A master of the possible, Part Two

David Frum considers the legacy of Karl Rove in the broad context of the “compassionate conservatism” with which Rove is associated. Frum’s thesis is that through compassionate conservatism, Rove answered brilliantly the political question of how Republicans could win elections in the post-Bill Clinton era, but failed to answer correctly the policy question of what the nation needs and how conservatives can achieve it.
There at least three issues here. The first is whether the Republicans could have won the presidency in 2000 without advocating something like the compassionate conservatism of George W. Bush. Given the popularity of Bill Clinton and his style of government activism, I think the answer is no, and Frum seems to agree.
The second question is whether Bush’s form of compassionate conservatism could have worked politically over an extended period beyond 2000. With one important exception, I think the answer is yes, assuming that events unrelated to the philosophy did not intervene. If compassionate conservatism was a congenial enough center-right philosophy with which to succeed in 2000, there’s no reason why, in the absence of an economic downturn or an unpopular war, it couldn’t continue to serve as a philosophy around which elections could be won. As Frum notes, the Democratic base seems to be growing faster than the Republican base, so appealing to the middle with some centrist ideas and rhetoric seems like a sound political approach. And until our lack of success in Iraq became the predominant issue in our politics, the approach appeared to be working.

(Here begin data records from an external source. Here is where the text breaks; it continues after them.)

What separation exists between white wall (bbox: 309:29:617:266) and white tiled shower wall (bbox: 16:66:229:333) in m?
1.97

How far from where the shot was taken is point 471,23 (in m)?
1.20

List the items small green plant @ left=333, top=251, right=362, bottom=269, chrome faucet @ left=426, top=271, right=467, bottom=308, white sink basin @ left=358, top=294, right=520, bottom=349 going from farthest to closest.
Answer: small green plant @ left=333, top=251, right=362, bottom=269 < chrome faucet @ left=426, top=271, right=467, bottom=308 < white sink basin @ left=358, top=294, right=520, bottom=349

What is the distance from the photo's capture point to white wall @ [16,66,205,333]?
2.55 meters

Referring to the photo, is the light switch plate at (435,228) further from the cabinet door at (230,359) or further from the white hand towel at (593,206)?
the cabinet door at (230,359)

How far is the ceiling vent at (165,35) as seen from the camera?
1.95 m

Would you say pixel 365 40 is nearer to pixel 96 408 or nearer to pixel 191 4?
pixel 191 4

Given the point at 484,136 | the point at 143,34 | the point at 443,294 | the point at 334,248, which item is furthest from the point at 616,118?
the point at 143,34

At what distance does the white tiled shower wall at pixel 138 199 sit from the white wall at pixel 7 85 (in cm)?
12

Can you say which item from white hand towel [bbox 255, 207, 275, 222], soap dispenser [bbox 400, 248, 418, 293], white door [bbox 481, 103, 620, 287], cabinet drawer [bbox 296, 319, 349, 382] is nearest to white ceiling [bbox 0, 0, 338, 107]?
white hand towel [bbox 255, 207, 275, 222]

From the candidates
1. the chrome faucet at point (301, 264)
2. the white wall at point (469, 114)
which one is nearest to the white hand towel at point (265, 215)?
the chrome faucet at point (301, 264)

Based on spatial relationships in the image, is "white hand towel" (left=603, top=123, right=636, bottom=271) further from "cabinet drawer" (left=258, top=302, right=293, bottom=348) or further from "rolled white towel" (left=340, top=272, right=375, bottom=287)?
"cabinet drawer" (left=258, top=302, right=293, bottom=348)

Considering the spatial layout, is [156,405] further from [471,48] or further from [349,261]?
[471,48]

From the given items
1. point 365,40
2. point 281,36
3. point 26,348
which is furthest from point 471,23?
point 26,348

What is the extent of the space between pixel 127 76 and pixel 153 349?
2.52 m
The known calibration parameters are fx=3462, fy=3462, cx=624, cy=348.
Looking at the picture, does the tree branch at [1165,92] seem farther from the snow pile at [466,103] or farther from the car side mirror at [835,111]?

Of course, if compassionate conservatism was destined to bring us poor governance and consistently bad policies, then it couldn’t succeed politically for very long. But I don’t see much evidence that this was the case. One might not like the prescription drug benefit or faith based initiatives, but there was nothing ruinous about these sorts of policies.
The one exception is Bush’s approach to comprehensive immigration reform. Here the Bush-Rove brand of compassionate conservatism combined very bad policy with very bad politics — this was the one agenda item that the truly conservative portion of the coalition was never going to swallow. Presumably, that’s why the administration saved its big push here until late.

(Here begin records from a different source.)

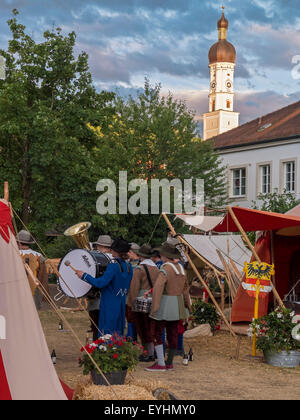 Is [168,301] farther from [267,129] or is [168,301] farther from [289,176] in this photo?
[267,129]

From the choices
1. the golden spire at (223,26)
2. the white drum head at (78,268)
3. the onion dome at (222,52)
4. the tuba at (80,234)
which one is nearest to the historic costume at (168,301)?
the white drum head at (78,268)

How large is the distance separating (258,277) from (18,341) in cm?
514

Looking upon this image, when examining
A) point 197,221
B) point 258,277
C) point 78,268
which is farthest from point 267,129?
point 78,268

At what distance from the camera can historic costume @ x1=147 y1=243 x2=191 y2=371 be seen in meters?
8.63

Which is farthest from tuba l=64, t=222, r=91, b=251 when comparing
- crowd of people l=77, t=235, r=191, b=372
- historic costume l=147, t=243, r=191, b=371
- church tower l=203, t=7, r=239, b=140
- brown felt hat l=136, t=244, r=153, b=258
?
church tower l=203, t=7, r=239, b=140

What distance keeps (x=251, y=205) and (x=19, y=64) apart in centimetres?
1528

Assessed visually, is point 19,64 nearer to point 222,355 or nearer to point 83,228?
point 83,228

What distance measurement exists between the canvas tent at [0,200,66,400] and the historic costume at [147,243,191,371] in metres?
2.76

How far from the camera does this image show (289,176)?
31.2 meters

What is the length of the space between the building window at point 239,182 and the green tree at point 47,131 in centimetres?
1336

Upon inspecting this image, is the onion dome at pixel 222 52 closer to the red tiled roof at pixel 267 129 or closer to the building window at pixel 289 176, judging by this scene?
the red tiled roof at pixel 267 129

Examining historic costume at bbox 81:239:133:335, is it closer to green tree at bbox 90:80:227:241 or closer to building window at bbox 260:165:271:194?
green tree at bbox 90:80:227:241

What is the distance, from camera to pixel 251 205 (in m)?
32.2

The third question is whether compassionate conservatism is a good philosophy on the merits. Traditional conservatives like Frum (and me) think it isn’t, or at least that isn’t nearly as good on the merits as traditional conservatism.
Frum sees the second and third questions as merging because ultimately the best way to win elections is consistently to deliver good government through sound long-term policies. This is hard to dispute. But few leaders or their aides have ever gotten the ultimate policy questions quite right, and it seems a bit unfair to judge Rove on this basis. He was, after all, a political operative (however exalted a one), not a philosopher-king.
UPDATE: Rich Lowry shares my general view.